Javascript doesn't have the "Async" suffix as C# does as a common practice. Would be more "javascriptier" if we could use ".fetch", ".json", and so on.

Also would be great if we had extensions for the bucket, event-trackings and wrappers like context.getContact() for the current contact, context.input, and context.message. @lucasoares are you accepting PRs for your PR?

I agree with you, adding more features to be accessed inside the Javascript will be great for the future, but I think we should create different PRs for the new features we may want to add, to start testing it with our customers. ClearScript opens a whole new possibilities for us to add features to the javascript. As @fadoaglauss said, we may want to create a pattern for being able to monitor all modifications/calls made by the users inside the javascript first. Feel free to open PRs and we may discuss these features and observability of them there!

About the async, it would be difficult to consider both patterns at the same time. If I want to remove the async suffix inside the javascript, I would need a C# method without the async suffix. I choose to keep c# patterns and then in the javascript will be clearer to the users they are using a async function just looking the name... I would like to keep this pattern to avoid creating c# smells.

lucasoares commented 5 months ago

There is a limit recursion and max statements?

No, there is not. But I personally think for now we don't need it. We should keep monitoring of course, and maybe lower the timeout or heap size limit.

The thing is, based on my benchmark, that Jint consumes too much memory when doing recursion or loops. For example executing this script:

                                       function run() {
                                           let a = 0;

                                           while (a < 1000) {
                                               a++;
                                           }

                                           return a;
                                       }

Will consume 10MB memory on Jint (and 11.6s to execute) but only 54KB on ClearScript + V8 and will take almost the same time to execute as the simplest script used in the benchmark test.

We may use CPU usage to limit our user's scripts in the future, but I don't really know how we would do that. You may want to check this issue: https://github.com/microsoft/ClearScript/issues/578

I just added a recursion benchmark to show how bad our 4-years old outdated Jint deals with it:

1000 calls Method Mean Error StdDev Gen0 Gen1 Allocated
ExecuteScriptV2RecursionLoopScript 1.605 ms 0.0264 ms 0.0247 ms 3.9063 1.9531 56.84 KB
ExecuteScriptV1RecursionLoopScript 32.415 ms 0.2150 ms 0.1795 ms 1812.5000 437.5000 22328.14 KB
10000 calls Method Mean Error StdDev Gen0 Allocated
ExecuteScriptV1RecursionLoopScript NA NA NA NA NA
ExecuteScriptV2RecursionLoopScript 2.396 ms 0.0474 ms 0.0695 ms 3.9063 57.39 KB

Jint just throws exception, even setting 100000000 as the recursion limit.

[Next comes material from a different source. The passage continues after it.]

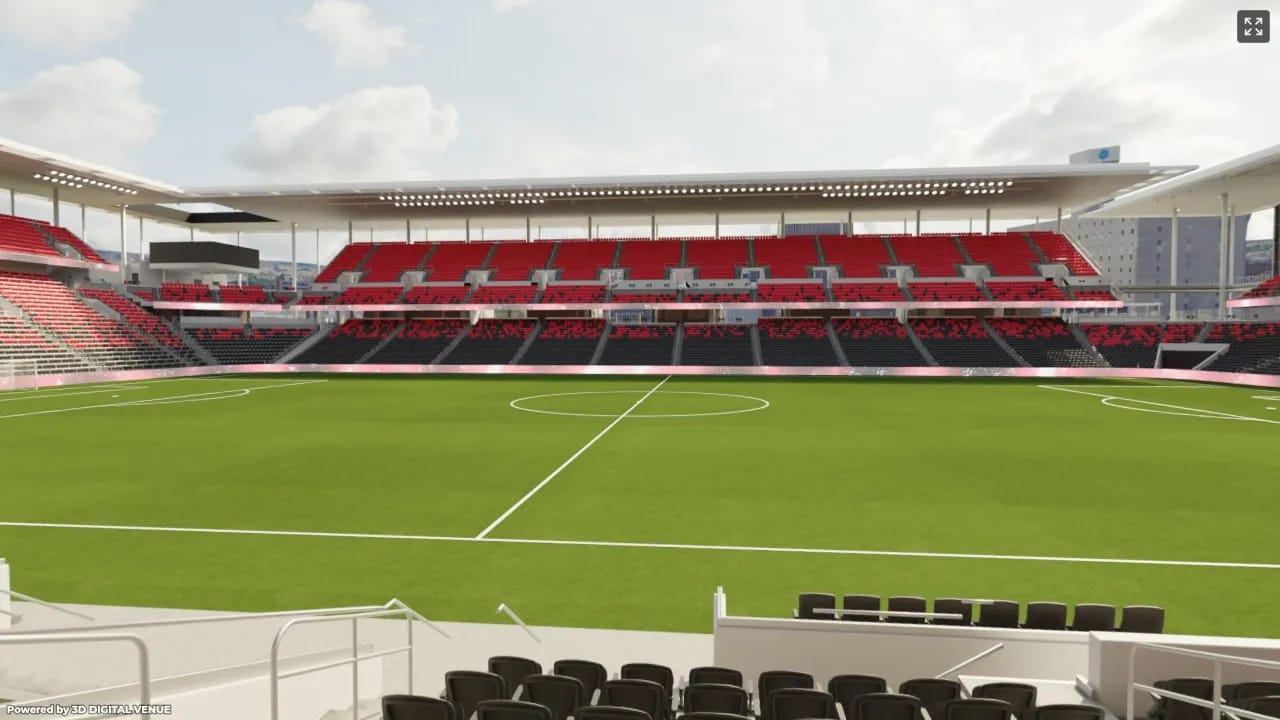 Club 135, Row 11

ceifa commented 5 months ago

About the async, it would be difficult to consider both patterns at the same time. If I want to remove the async suffix inside the javascript, I would need a C# method without the async suffix. I choose to keep c# patterns and then in the javascript will be clearer to the users they are using a async function just looking the name... I would like to keep this pattern to avoid creating c# smells.

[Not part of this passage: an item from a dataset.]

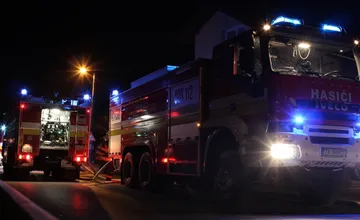 Výbuch na Orave spôsobil tisícové škody. Hasiči zamierili ku karavanu krátko pred polnocou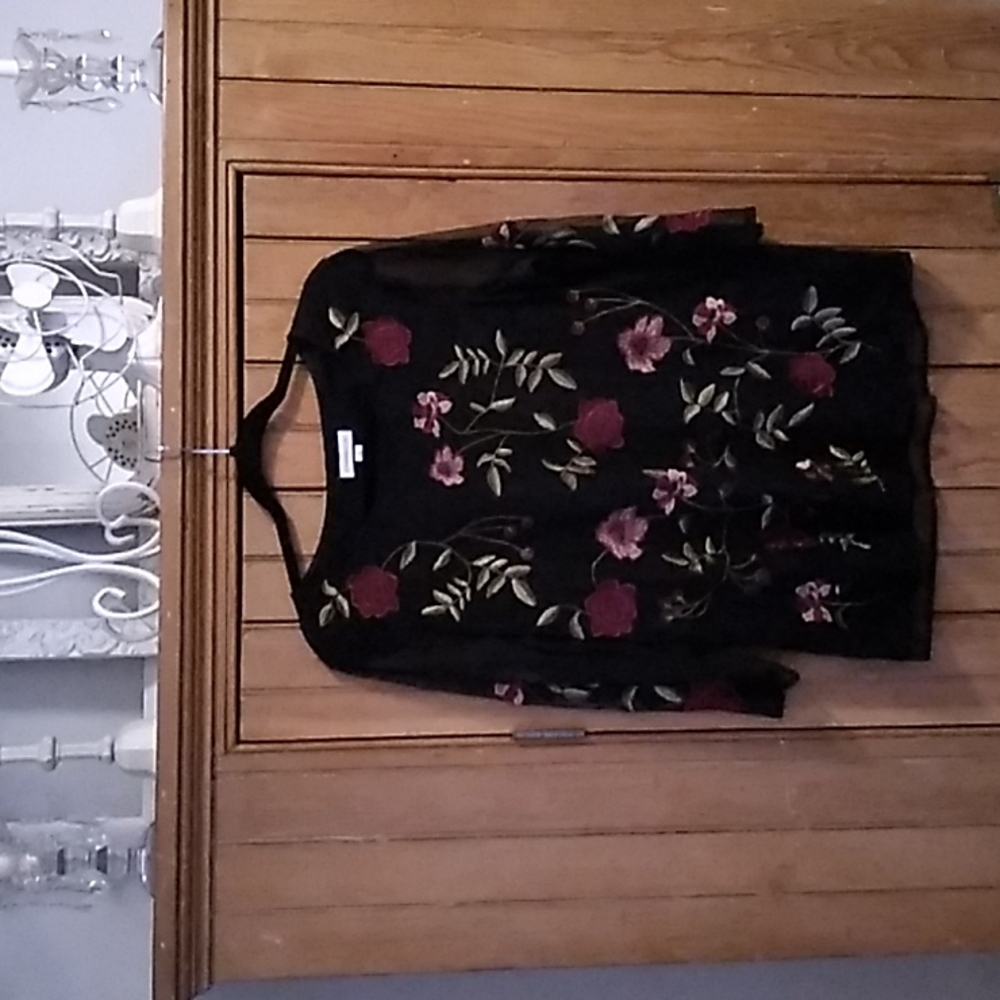3 for $10.00 🍒 Charter Club size medium black top w floral embroidered overlay.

Actually you don't need to change the method names, you can just change your attribute loader "LowerCaseMembersLoader". You can add a check if the method returns a Task, remove the "Async" suffix.

But it's okay if your decision is to keep it anyway...

lucasoares commented 5 months ago

Actually you don't need to change the method names, you can just change your attribute loader "LowerCaseMembersLoader". You can add a check if the method returns a Task, remove the "Async" suffix.

But it's okay if your decision is to keep it anyway...

True, I could do it in the LowerCaseMembersLoader loader. But then it would raise another issue when a class have both methods, with and without async suffix... I think we should let it as it is. Thanks for your input tho!